Just last year, the Trump administration flirted with the idea of arming teachers in schools as a solution to school shootings… based on the data, and the fact that majority of teachers and administrators are white, who’s more likely to get shot?

While Abington teachers are unarmed, school resource officers (SROs) in the district are. But according to the Abington superintendent, SROs, serving in high schools, have been in the district for over 25 years without any incident of firing a weapon at a student. Chief Molloy, as well as other advocates such as the National Association of School Resource Officers (NASRO), argue that the purpose of SROs is not only to make schools safer but also to build community relations.  

The district superintendent agreed.

However, research shows that SROs don’t make schools safer. Research shows that schools with larger minority and poor populations are more likely to implement criminalized disciplinary policies — suspensions, expulsions, police referrals, and arrests — and less likely to connect students to psychological or behavioral care.

And when schools increase their police presence, Black children are harmed.

It’s why school districts and colleges around the country ended their relationships with police departments.

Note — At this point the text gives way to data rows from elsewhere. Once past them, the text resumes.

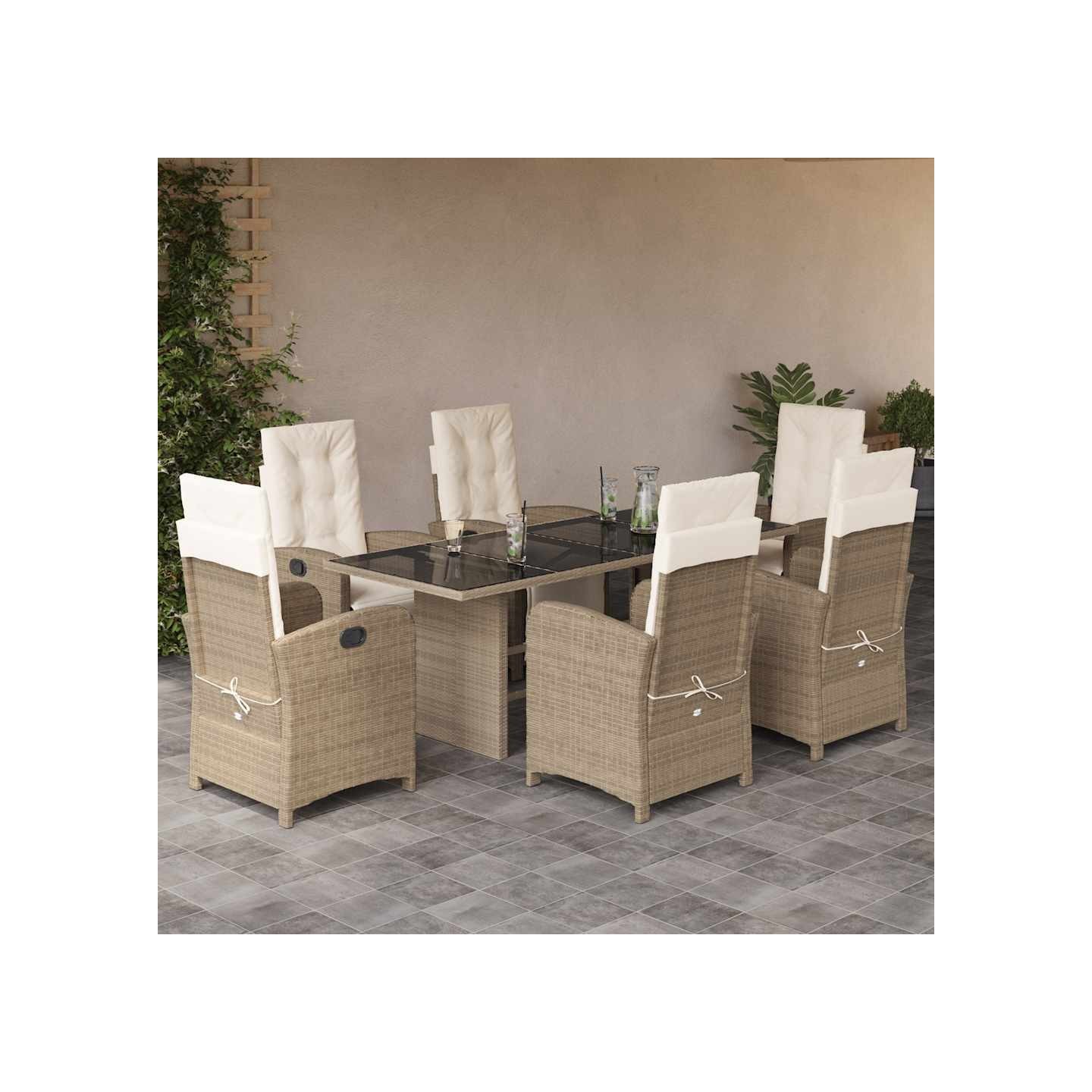 Ensemble à manger de jardin et coussins 7 pcs beige poly rotin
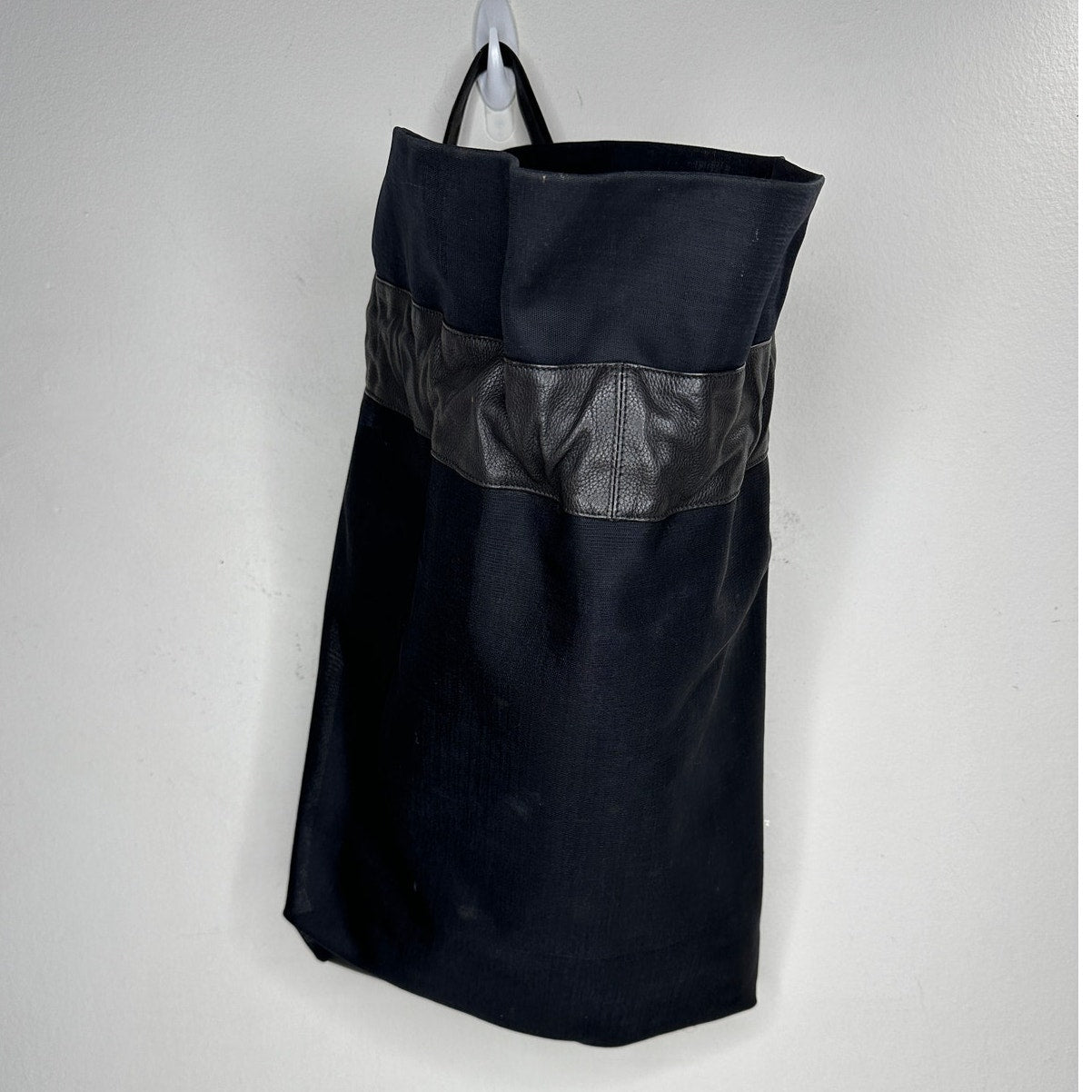 Large Black Canvas & Patent Leather Tote Bag Backpack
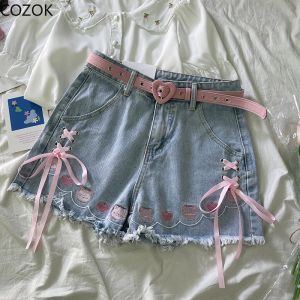 Japanse Chic Bandage Lolita Denim Shorts Vrouwen Zoete Leuke Cartoon Piggy Borduren Boog Jeans Meisje Kawaii Y2k Korte Broek Zomer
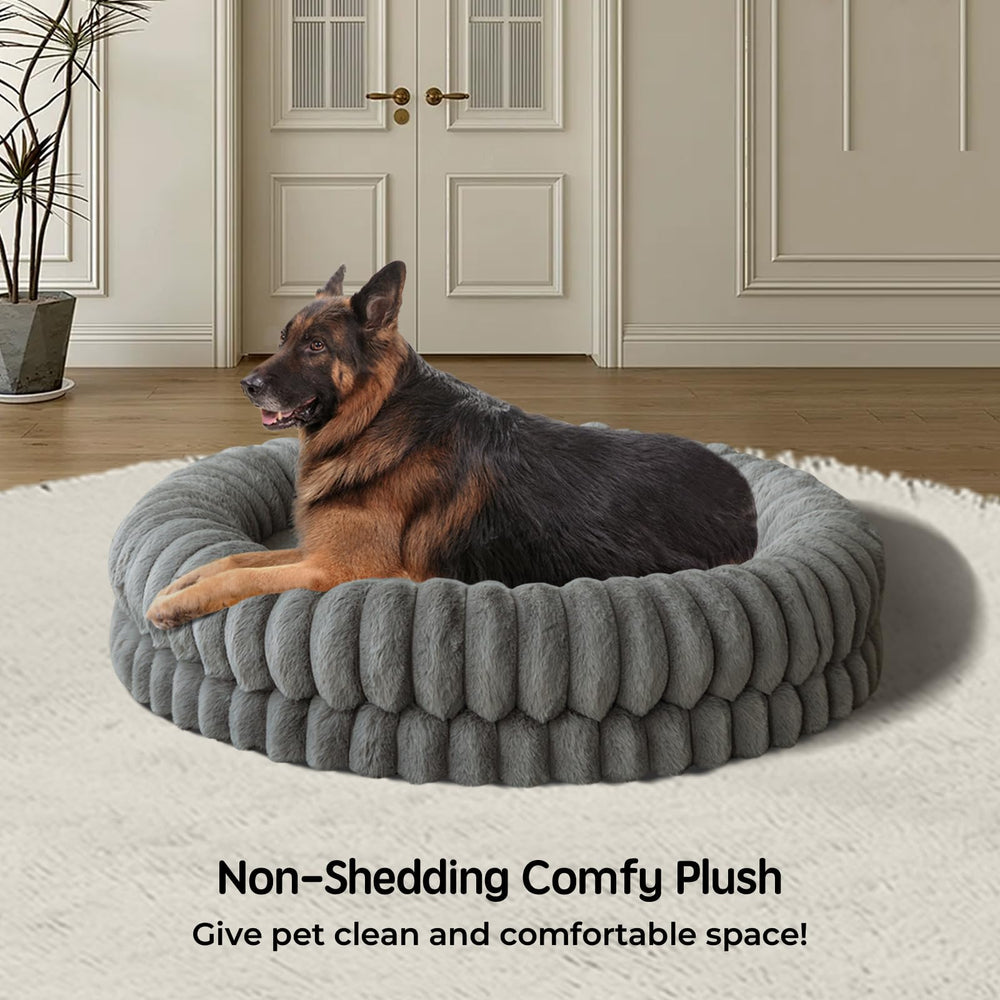 BALANCE donut bed side view highlights plush edge for neck and head support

Dr. Klaiman is right to be concerned. But what about the argument about Black and Brown kids being shot by officers?

*Come closer*

Black people are more likely to be affected by police shootings.

White officers are more likely to use a gun than Black officers and more likely to do so in neighborhoods that are overwhelmingly Black.

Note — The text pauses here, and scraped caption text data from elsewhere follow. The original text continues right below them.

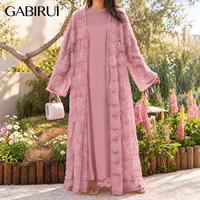 Ensemble 2 pièces de luxe pour femmes musulmanes, Abaya brodée de fleurs en maille perlée de Dubaï, Kimono de fête EID, Ensemble intérieur tendance TikTok, OEM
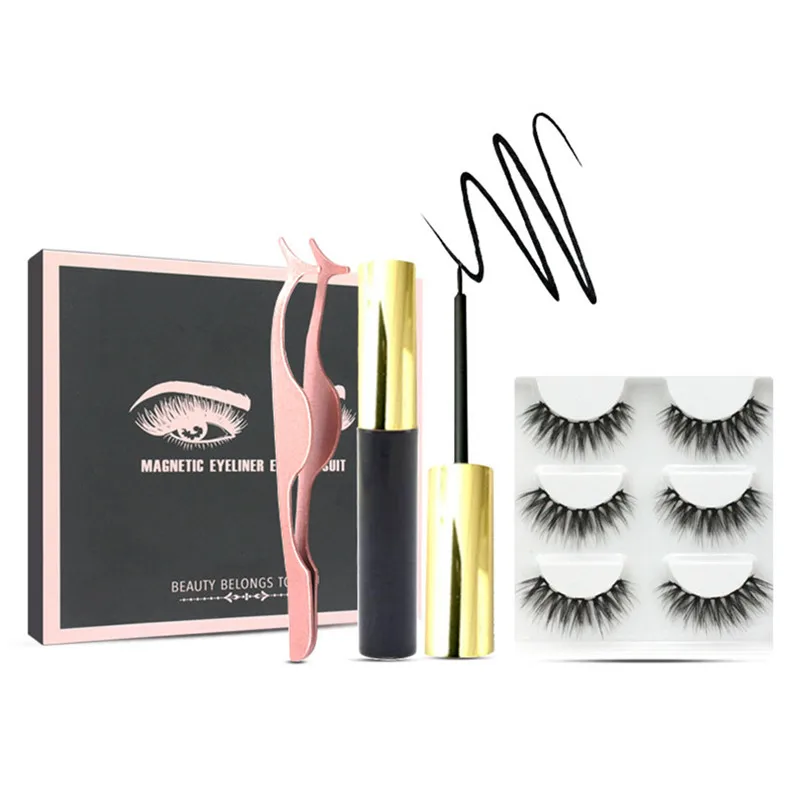 

Private label 5 magnets faux mink fluffy silk strip false eye lashes 3 pairs magnetic eyeliner lashes, Natural color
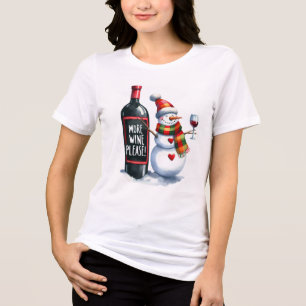 Mais vinho, por favor, engraçado Bebendo de Snowma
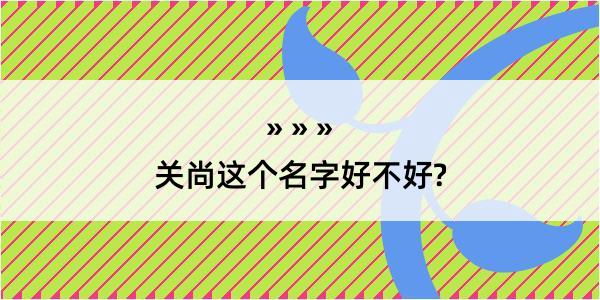 关尚这个名字好不好?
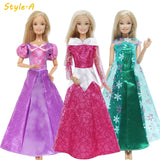 3 Sets Fairy Tale Classic Princess Doll Dresses COSPLAY Party Gown Clothes for Barbie Doll Accessories Kids Dollhouse Toys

Black people account for less than 13% of the population but the Washington Post found they are shot and killed by the police at a rate that’s over twice as high as for white people. According to the Washington Post’s analysis, while more white people have been killed than Black people by police, more Black people are murdered by police at a higher rate than anyone else; Latinx folks at a higher rate than white people.

Let’s hope that law enforcement and school officials aren’t as colorblind as Donald Trump, who said that more white people are killed by police to dismiss the fact that Black people are killed by police at disparate rates.

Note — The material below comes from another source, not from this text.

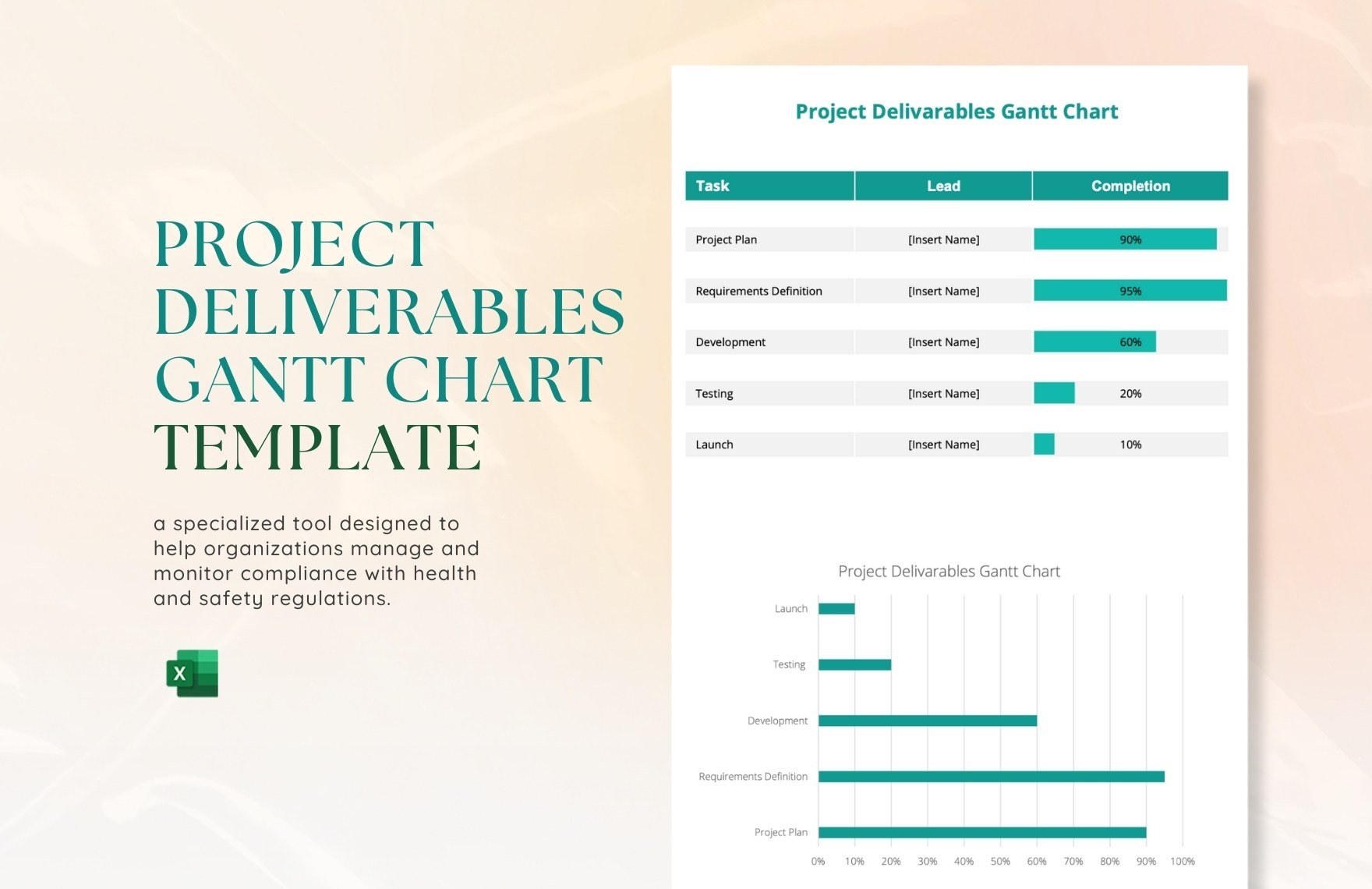 Project Delivarables Gantt Chart Template in Excel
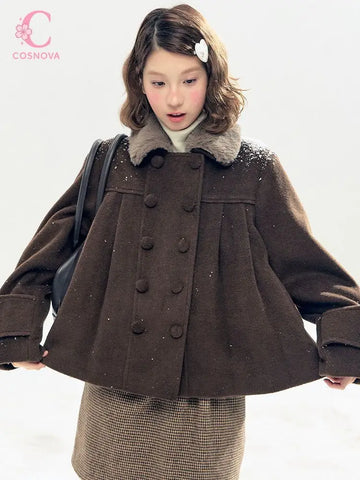 Vintage Coquette 2 Piece Set Women Fur Collar Quilted Wool Coat High Waist Mini Plaid Skirt Fitted Dress Winter Casual Outfit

A 2019 study produced by the Proceedings of the National Academy of Sciences (PNAS), initially aided the arguments of those attempting to dismiss racial disparities in police shootings, saying that they found no “evidence for anti-Black or anti-Hispanic disparity in police use of force across all shootings, and, if anything, found anti-White disparities.”

This study, cited in a Wall Street Journal article, however was full of errors; so many that the authors retracted the study. The Washington Post, calling the study “fundamentally flawed,” cited research that showed that Black men in particular had a 2.5 times greater chance of being killed by a police officer than a white person.  

According to Mapping Police Violence, Black people are disproportionately killed by police shootings in Pennsylvania; in 2019, more Black people were killed by police shootings in the state.

In my home state of New Jersey, not only are Black people killed by police at disparate rates, but more Black people have been killed by police than any other race/ethnicity since 2016.

That’s what the data says.

I assume Chief Molloy wanted Dr. Klaiman to have all of that information at her disposal when she made her statement when he said that without data or context such statements don’t lend themselves to fruitful exchanges.

But everything I mentioned is public knowledge; I hope that Dr. Klaiman’s comments were discussed by all parties (parents, school officials, district staff and law enforcement) in light of the data. Such discussions are necessary to have in order to forge forward with actionable items that will remove such disparities.

Sadly, the reality is that many white people choose to focus on their anger and/or hurt feelings over comments, like the one made by Dr. Klaiman, rather than focus on the reason the comment was actually made.

Dr. Klaiman is still a member of the Abington board. Hopefully, conversations are happening on the reason for her comments earlier this year. In any case, I hope she doesn’t stop speaking the truth on behalf of Black and Brown students… no matter who gets pissed off.